The local collective investment scheme industry attracted healthy net inflows of R30.4 billion in the first quarter of this year, pushing year-on-year net inflows to the end of March to R157.1bn, the highest for this period in three years, according to industry statistics released this week by the Association for Savings & Investment SA (Asisa).
The statistics show that investors in unit trusts and exchange traded funds (ETFs) continued to favour South African multi-asset funds, which attracted R56bn of the year-on-year inflows.
Multi-asset portfolios are popular with investors and financial advisers, because they offer diversification within a single portfolio managed by an experienced manager, with the aim of smoothing out the highs and lows of the markets.
Sunette Mulder, the senior policy adviser at Asisa, says a surprisingly high proportion of the annual net inflows to the end of the first quarter went into South African money market funds (R45bn) and interest-bearing funds (R23bn).

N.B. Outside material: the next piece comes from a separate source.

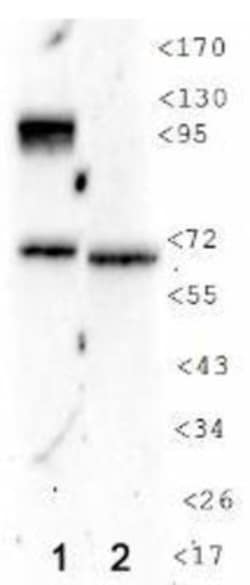 HIF-1 alpha Antibody (H1alpha 67-7) - BSA Free, Novus Biologicals 0.025mL;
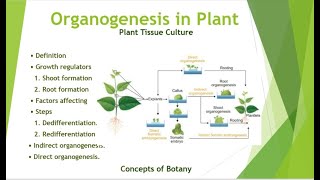 Organogenesis in Plant Tissue Culture DirectIndirect organogenesis HindiUrdu Concepts of Botany [upl. by Ardnoyek]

“The high inflows into the interest-bearing sector were somewhat unusual. This is the first time in three years that these portfolios have seen positive inflows,” Mulder says.
A large portion of this money (R19.5bn of the R23bn) went into interest-bearing short-term funds.
The South African interest-bearing short-term sector was the best-performing sector in the year to the end of March, delivering an average return of 8.4%, followed by money market funds, with 7.5%.
Mulder points out, however, that over five, 10 and 20 years, the South African multi-asset high equity sector has consistently outperformed other major sectors. These portfolios, on average, outperformed South African equity general portfolios or delivered the same returns, while offering investors the added benefit of a more diversified risk profile.
Over five years, they returned 10.2% a year on average (South African equity general: 10.1%); over 10 years, the two sectors each returned 8.2% a year; and over 20 years South African multi-asset high-equity funds returned 13.2% a year (South African equity general: 12.7%). Average inflation for the 20-year period was 5.8%.
The collective investment industry managed assets of R2.07 trillion at the end of the first quarter. South African multi-asset portfolios held 51% of these assets, South African interest-bearing portfolios 25%, South African equity portfolios 20%, and South African real estate 4%.
Mulder says that 31% of the inflows in the 12 months to the end of March came directly from investors. This does not mean, however, that these investors acted without advice. A number of direct investors pay for advice and then choose funds.